Three months after Windows 8 was made available, its share still remains in the low single-digits, but is rising steadily month on month.
Written by Zack Whittaker, Contributor

Windows 8's market share remains low, but continues to rise modestly month on month, according to new monthly figures out of trend analytics firm Net Applications.

According to the figures, Windows 8 has only a 2.26 percent share of the desktop operating system market. Windows 7 has, by comparison, just shy of 44.5 percent of the market after being out for more than four years, and is slowly falling each month.

Before you get either disheartened—or gleeful, depending on where your loyalties lie—while Microsoft's share of its latest operating system remains slow by comparison, the share trend shows that it's rapidly increasing. Compared to Windows 7's first few months off of the product line, that's a different story.

By January 2010—granted, a slightly longer time frame as it had been out for three more months—Windows 7 already had an 7.7 percent market share. 

That's a 57 percent increase from November to December, and a 31 percent increase from December to January. On the whole, it shows that Windows 8 is selling relatively well—just perhaps not as well as Windows 7 did off the starting post.

Screen Shot 2013-02-01 at 08.37.24
(Credit: Net Applications)

Does it mean Windows 8 will rocket in January sales? Or, has Windows 8 failed to make much impact on the desktop market, albeit partly due to a rise in post-PC devices? 

Windows 8, at just 2.26 percent, equates to around 60 million licenses—roughly, at least. In just 42 days, Microsoft sold an additional 20 million licenses. It's not bad, but the figures were not broken down by desktop PC versus Surface tablet, and the 60 million figure did not include Enterprise Agreement or volume license sales.

An uptake in mobile devices, such as tablets and smartphones, are the most likely cause of the sluggish PC market over the past few quarters. Windows 8 has not yet made any significant impact in its bid to shock the PC manufacturing business into some kind of heartbeat. 
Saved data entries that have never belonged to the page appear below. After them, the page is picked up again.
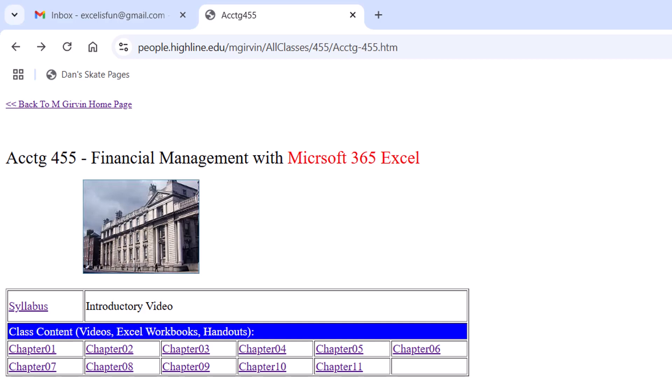Welcome to a brand new class here at Highline College, Accounting 455, Financial Management. This is a corporate finance class. All of you have been in the prerequisite classes, Business 210, Business 218, so you know how classes that I teach work.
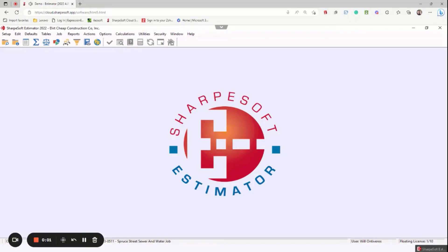Hello sharp friends and family. I'm in our SharpSoft Cloud Estimator and now we're going to be talking about our rounding sheet.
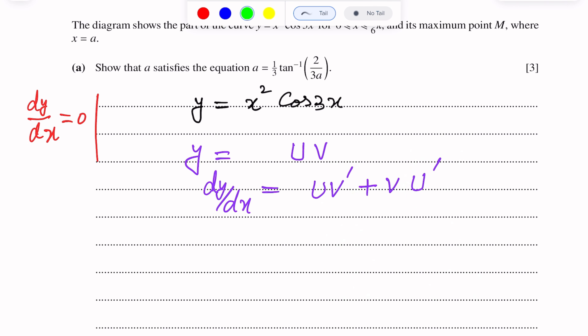We take u = x² and v = cos(3x). Differentiating using the product rule, dy/dx = x²·(-3sin3x) + cos(3x)·2x. Now, for the maximum point dy/dx = 0, so we set this expression equal to 0.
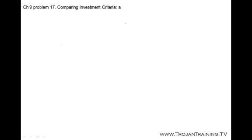Chapter 9, Problem 17. In this problem, we're going to compare different investment criteria. There are two projects, and the first question asks to apply the payback criteria and decide which investment we should use and why.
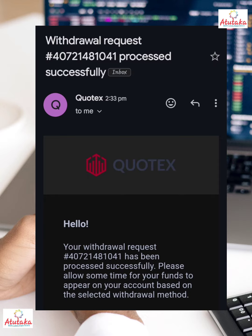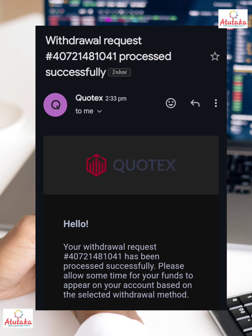These are the screenshots to show you that the withdrawal request was successful. That's the Binance email, and finally that shows the balance on Binance.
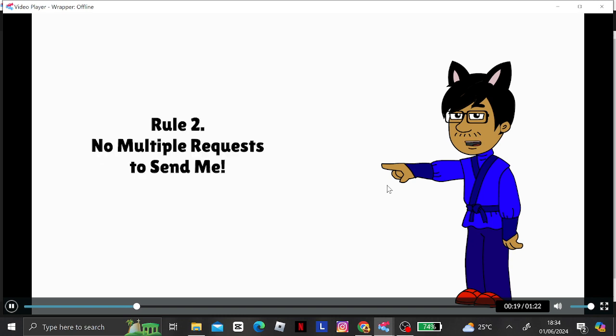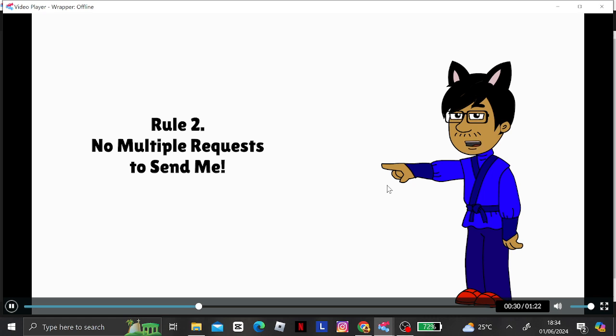Rule 2. No multiple requests to send me. Only one request before I'm completing the Dark Chippies. But anyways, I can do for Dark Charlie the Anteaters and Dark Bowser Juniors.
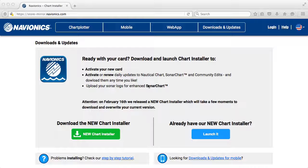All you've got to do is plug it into your computer through your SD port or with the USB connector that comes with the card. Then you're going to want to go to Navionics.com. Once you get to Navionics.com, you're going to click on Downloads and Updates — that's going to bring up this page.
The latest versions of Mac OS X accounted for more than 6.4 percent of the total market share, trouncing Vista's meager 5.24 percent in the market share pie. It falls in line with strong annual sales of Apple's range of Macs, despite recent first-quarter figures showing that Apple sold only 4.1 million Macs, down 1.1 million from the same quarter a year ago.

Despite the much-loathed Windows Vista—now more than six years old—still retains a usage share of 5.24 percent. That is higher than the share of the two most recent OS X versions combined: Mountain Lion (OS X 10.8) and Lion (OS X 10.7) together account for only 4.2 percent of all Web usage in the desktop PC segment.